Weapons of maths destruction

Leo Hollis (LH): Thinking about your own story, the one that you talk about in Weapons of Math Destruction – you started off in academia studying maths, then went into the City, a fairly common move. But you were going into the hedge fund, into the quant world, until the financial crash. How did you first experience the crash?

Cathy O’Neil (C.O.): I actually walked into the crash. I left my professorship in June 2007, started a hedge fund, and in the summer, very soon after I came in – that was when the financial crisis started, from the perspective of people inside finance.

It was called a ‘kerfuffle’ where I worked, but really it was a big, big deal. The Equity Group, which was probably the largest trading group, had to liquidate their books. They got freaked out, and they lost a lot of money because they were unwinding all their trades. Some of the trades were very big, so that meant a lot of loss.

From that moment on for the next year, everyone was panicking. Then a year later that’s when Lehman Brothers fell and everyone else in the world noticed, but for that whole year there was a really clear problem in the overnight lending markets between banks.

LH: Did you see it as a structural problem straightaway, or was there the feeling that this was human error?

CO: I didn’t see it as anything, to be honest, because I didn’t know what I was doing. But at some point in that year, quantative analysts like me had an invitation to talk to Federal Reserve chair Alan Greenspan, former Treasury Secretary Robert Rubin and his deputy Larry Summers about macroeconomic issues at the Rockefeller Centre, and they very clearly were worried about the securities market.

They were talking about it being unstable, it being like a bomb about to go off. Then, after that, we started really talking about it within the firm. I remember our managing director describing how the mortgage-backed securities were structured, and how a terrible group of mortgages could end up being called ‘Triple A’. And I remember at that exact moment I felt sick to my stomach. I just remember thinking, “Wait a second. That’s mathematically stupid. How could that possibly be true? It doesn’t sound right. It sounds like it’s a sausage factory,” right? It’s actually that they wanted to not know the truth, so it was a different kind of bullshit algorithm.

LH: And you weren’t able to discuss this with your colleagues?

CO: That particular thing we did talk about, because one of the things that we felt protected by was the fact that we didn’t, ourselves, invest in those terrible mortgage-backed securities. We thought of ourselves as relatively walled off from that problem, which we weren’t at all, as we found out.

LH: And so you moved out of that business?

CO: I wanted to fix the problem. I tried to get a job as a regulator; I applied to the SEC (Securities and Exchange Commission), the CFTC (Commodity Futures Trading Commission) and all of these places.

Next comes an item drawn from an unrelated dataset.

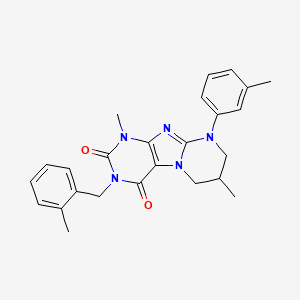 molecular formula C25H27N5O2 B2500888 1,7-dimethyl-9-(3-methylphenyl)-3-[(2-methylphenyl)methyl]-7,8-dihydro-6H-purino[7,8-a]pyrimidine-2,4-dione CAS No. 848866-53-5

Nobody answered my call, so I ended up getting a job at a risk firm because I was thinking, “Maybe, if we had a better risk model, we could avoid these problems.”

I actually ended up working on the ‘Credit Default Swap’ instrument class, to try and understand the risk, but I pretty much decided that they didn’t want to know. The world didn’t want to know. People were using the risk evaluations by the company I was working at – Risk Metrics, a very widely used company – as a rubberstamp to allow themselves to keep doing the same practices.

It’s actually that they wanted to not know the truth, so it was a different kind of bullshit algorithm. One of them, the first one, was lying in order to sell more bad mortgages. The second one was lying in a different way to hide risk. Either way I was fed up, because, as a mathematician, I want to use my math to clarify, not to lie.

I understood the power of the mathematical brand and how people will be trusting. They consider mathematics trustworthy and intimidating at the same time, and I thought, “I don’t want any of this. I don’t want to be brandishing mathematics. I want to be helping people with maths.” I thought data science would be a way to do that, so I went into data science, but very quickly figured out that the same thing was happening in data science. I was fed up, because, as a mathematician, I want to use my math to clarify, not to lie.

The difference was (and this is post-financial crisis – I was actually a member of Occupy by this time) everyone noticed when the financial crisis happened. The kinds of failures I was seeing with algorithms outside of finance – they were silent. The failures themselves were silent. Even though they were happening in my estimation all the time, all over the place, there was no organised way of investigating it or even noticing it.

Sometimes I’d use the metaphor that big data as an industry is like the beginning of a transportation industry, like car manufacturing, or even airplane manufacturing. But that’s not really true, because, with big pileups on the highway, or airplane crashes, everyone knows about it. But, when these algorithms fail, nobody knows – almost never.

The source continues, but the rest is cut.